> **Supplied information**
┄┄┄┄┄┄

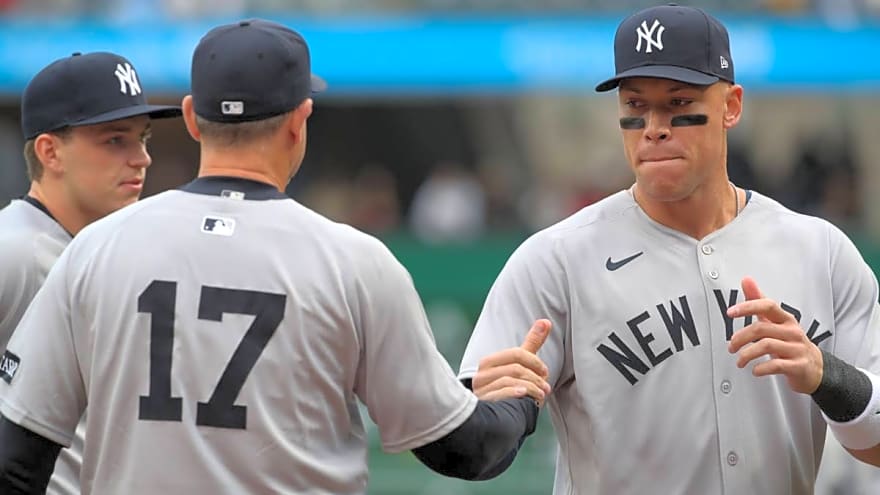 Aaron Boone: Breaking News, Rumors & Highlights | Yardbarker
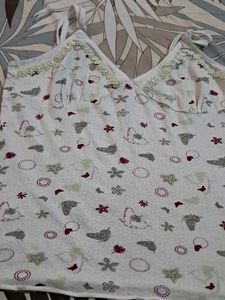 Four  Strachable  Top N Panty Imported Fabric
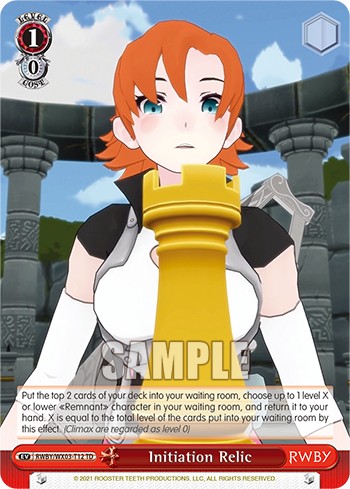 Initiation Relic - Image 1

┄┄┄┄┄┄

Repeat all the material above exactly, apart from the pictures.

 Aaron Boone: Breaking News, Rumors & Highlights | Yardbarker
 Four  Strachable  Top N Panty Imported Fabric
 Initiation Relic - Image 1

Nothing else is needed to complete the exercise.